UN Sustainable Development Goals need an Intergovernmental Panel on Climate Change equivalent, report suggests
A global organisation should be created to help guide the contributions of science, technology and innovation to achieving the UN Sustainable Development Goals, according to a new report.
Adopted in 2015, the 17 SDGs set out targets for improving global equality in a sustainable way by 2030, including by ending poverty and hunger, ensuring good health and education, and providing access to clean water and affordable energy.
But a foreword by International Science Council president Peter Gluckman and former ISC director Heide Hackmann to a new report on scientific contributions to the SDGs, published this month, says that assessments of progress on the SDGs have all found “dismal results”.
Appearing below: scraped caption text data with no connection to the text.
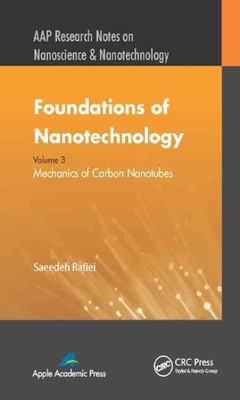 Foundations of Nanotechnology : Mechanics of Carbon Nanotubes, Hardcover by R...-image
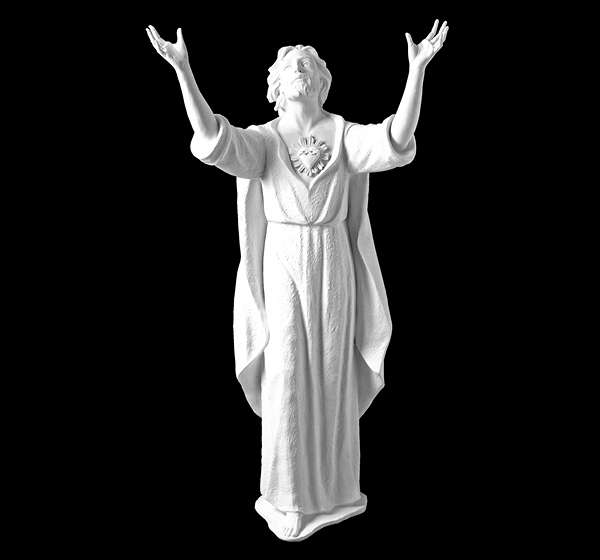 Corazón de Jesús 140 cm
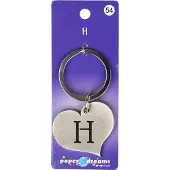 Paper Dreams Sleutelhanger metal H (rvs)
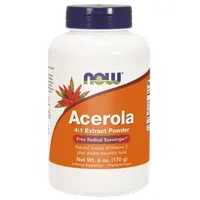 Now Foods Acerola, suplement diety, 170 g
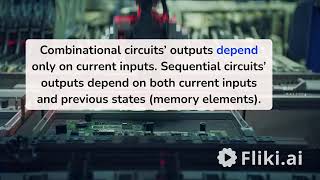 Explain combinational and sequential circuits in vlsi PD engineer interview questions answers [upl. by Ialda242]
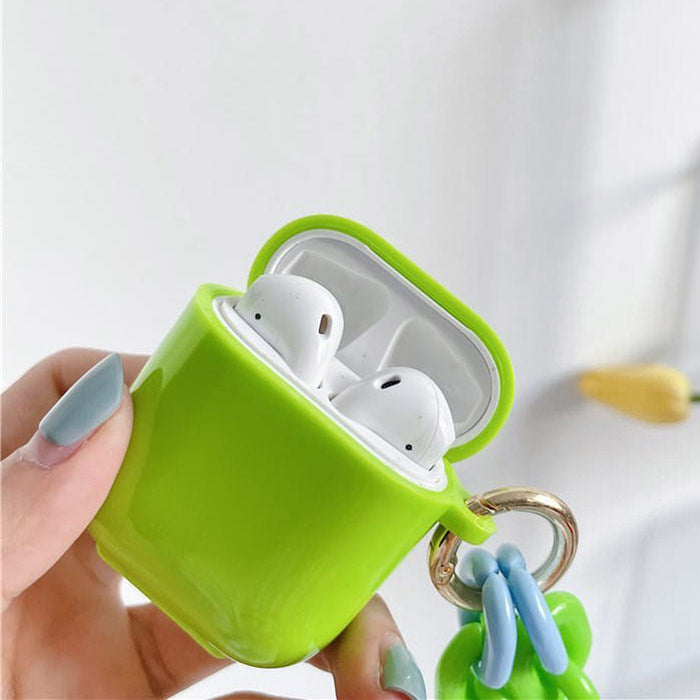 neon airpods case boogzel apparel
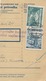 BuM (IMG2015) - Böhmen Und Mähren (1941) Prag 72 - Praha 72 / Hussinetz - Husinec (Postal Parcel Dispach) Tariff: 7,50 K - Briefe U. Dokumente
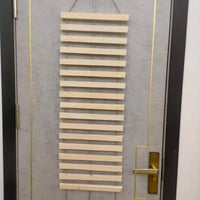 Pet Cat Soft Rope Ladder Climbing Frame Hammock Bed Sisal Rope Soft Ladder Cat Bridge Cat Stairs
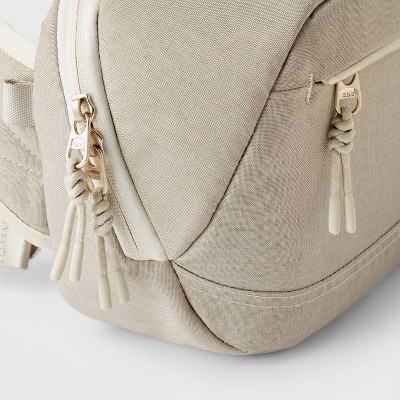 Рюкзаки Heyday Camera Sling Pack - heyday™ Beige Heather: Waterproof Woven Polyester, Front Zip Pocket, Unstructured Design — фото 3
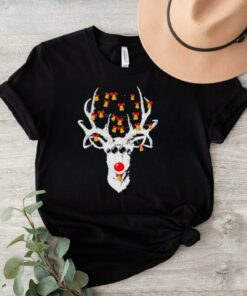 Reindeer Deer Christmas T Shirt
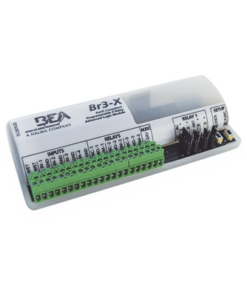 10-BR3X-BEA-MODULO PROGRAMABLE CON 3 SALIDAS DE RELEVADOR / 5 ENTRADAS / 13 FUNCIONES LÓGICAS PROGRAMABLES
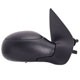 Retrovisor externo - alternativo - Retrovex - Peugeot 206 Hatch Presence 1.4 8V Flex 2P de 2005 at 2008 - 206 2003 at 2010 - com controle - preto - lado do passageiro - cada (unidade) - 52944
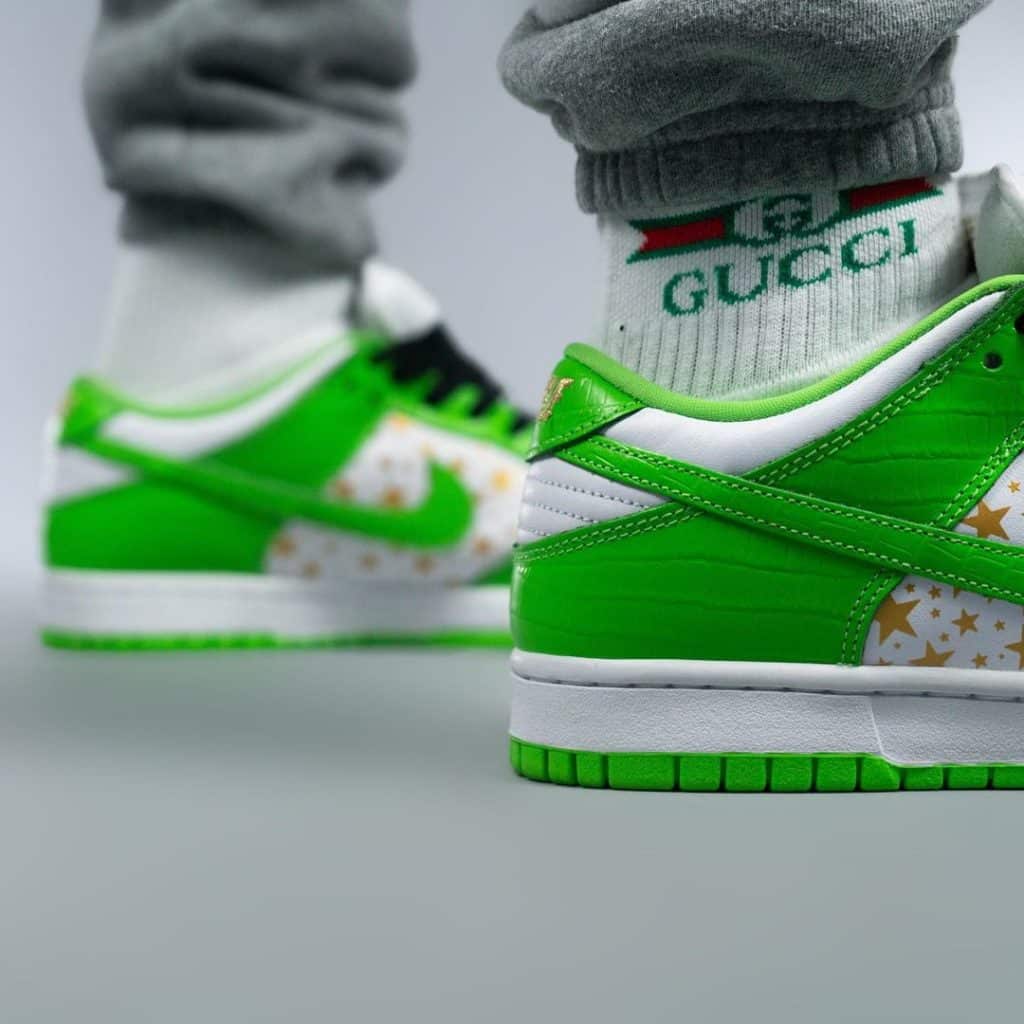 Supreme x Nike SB Dunk Low “Stars” Will Release In Four Colors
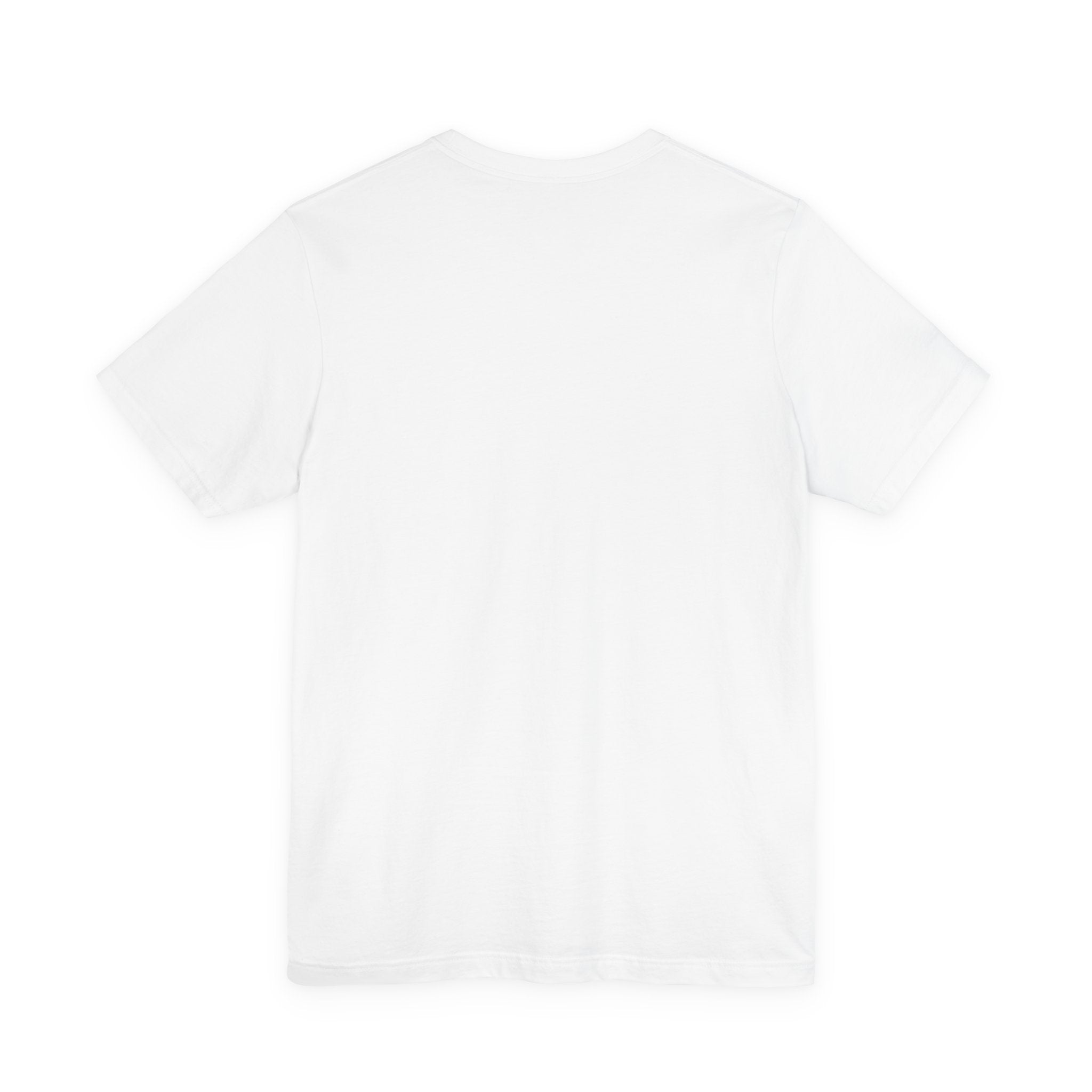 Minimalist "Overthinking Cat" T-Shirt – Unisex Jersey Short Sleeve Tee
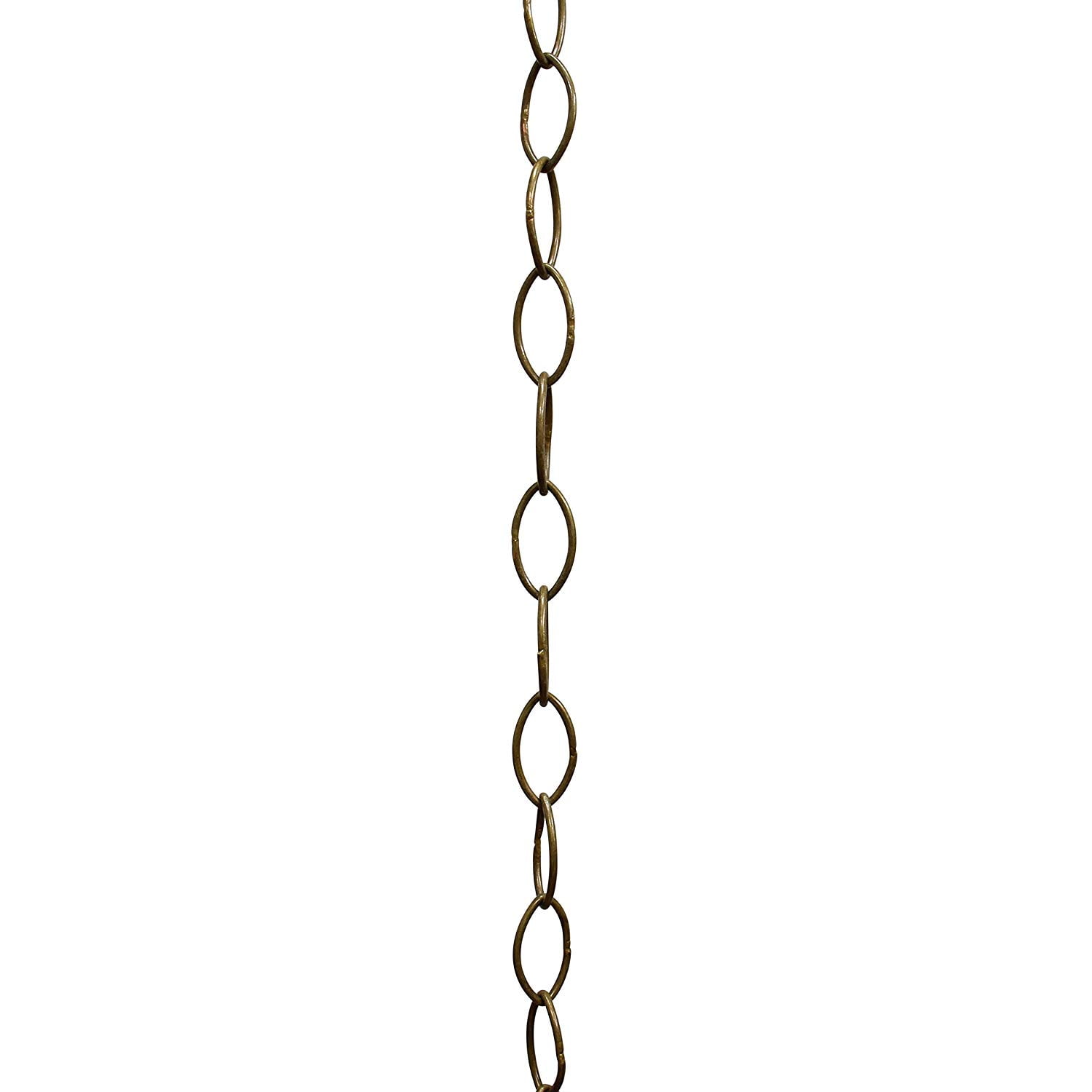 RCH Hardware CH43AB3 Decorative Antique Solid Brass Chain for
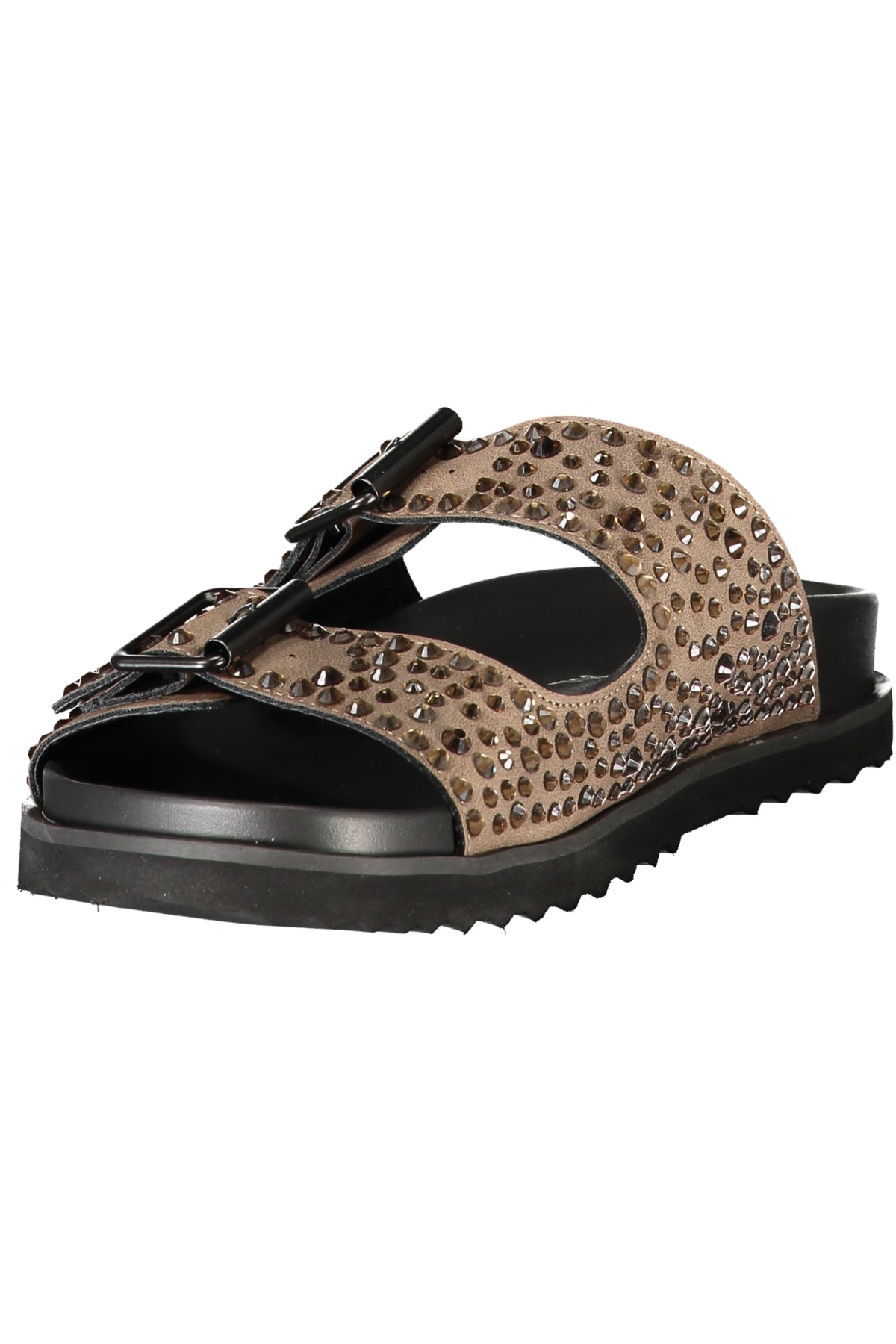 LAURA BIAGIOTTI WOMEN'S BROWN SLIPPER FOOTWEAR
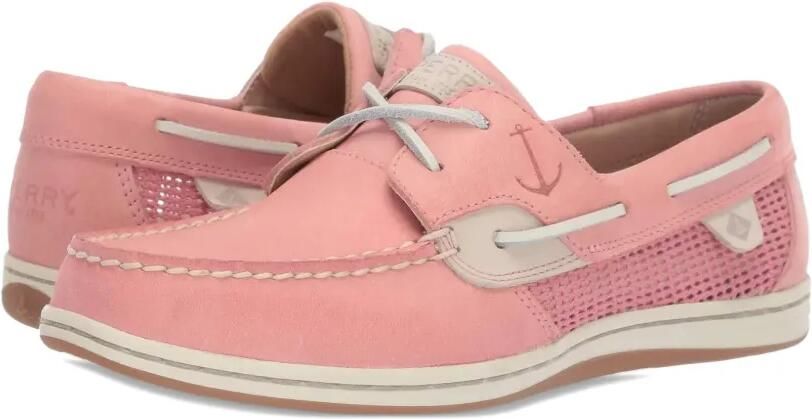 Sperry Koifish bootschoenen met mesh vlak Roze - Foto 2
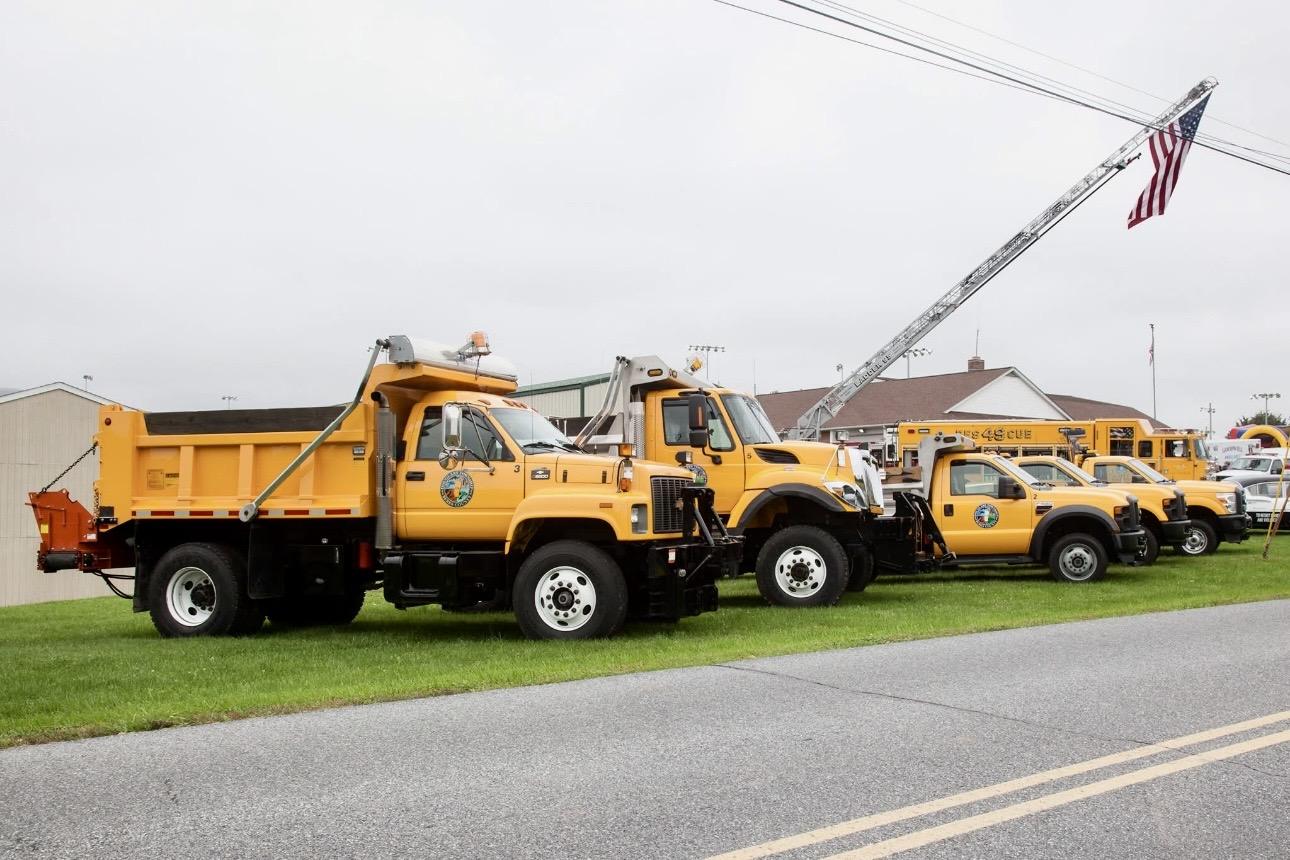 Douglass Township awarded $300,000 grant for public works vehicle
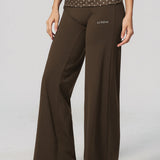 Cocoa Dot Foldover Pants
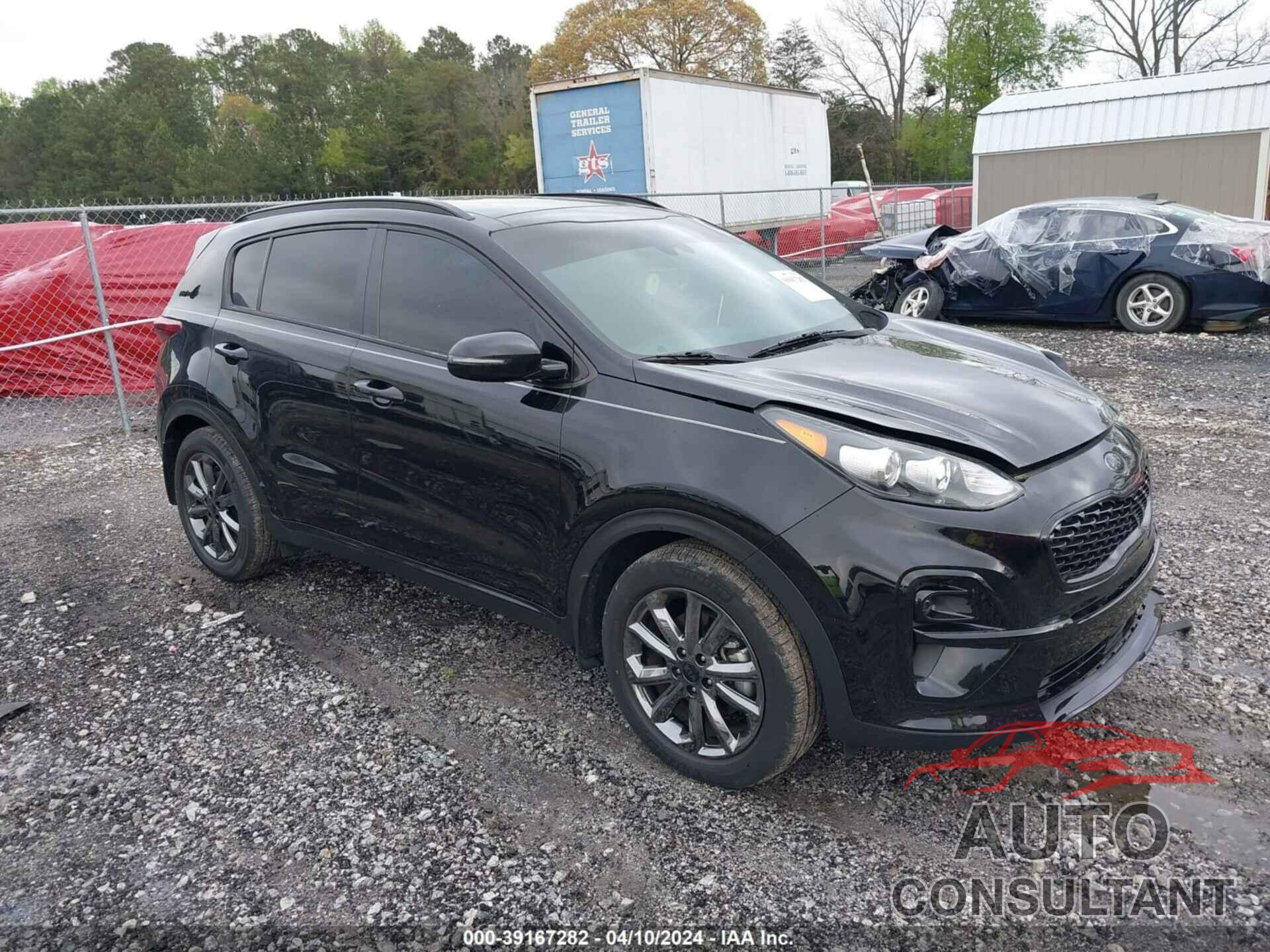 KIA SPORTAGE 2021 - KNDP63AC9M7874304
“There is increasing recognition that, despite all the potential of science to contribute to equitable and sustainable social,
economic and environmental futures, there is a gap between the claims of science and its delivery,” Gluckman and Hackmann write.
The report, which is the final publication of an international collaborative research project called Strings, examined these lacklustre contributions of science, technology and innovation to the SDGs and set out recommendations for improvements.
IPCC for sustainable development
Among the recommendations is a call by report contributor Geoff Mulgan to create a global organisation to help bolster STI contributions to the SDGs, which he says could be modelled on the Intergovernmental Panel on Climate Change (IPCC)—a UN body responsible for advancing climate change knowledge.
“A good starting point for improving the global governance of R&D, and better aligning it with global goals, would be an [IPCC] equivalent for STI,” says the report chapter by Mulgan, a professor of public policy at University College London.
The organisation, which Mulgan refers to as a “global platform observatory”, would be responsible for orchestrating scientific knowledge and data to “help the world think and act”.
“Such an observatory would be responsible for gathering and harmonising data, making forecasts and attempting to overcome the secrecy that surrounds R&D for military and intelligence purposes,” he says. “It would track and analyse global patterns and allow discussion of alternative possible orientations and portfolios for R&D in particular sectors and geographical contexts.”
Mulgan adds that the group could be given formal advisory and reporting roles to the UN Secretary General or could sit within the UN Development Programme, which supported the Strings study. “In either case, such an institution would not be expensive and could be funded in proportion to nations’ R&D spend, initially perhaps by the G20 [global large economies].”
Other recommendations in the report include increasing funding for SDG-related research and innovation, particularly in low-income countries, and better aligning STI funding with the SDGs, such as by supporting more inter- and transdisciplinary research.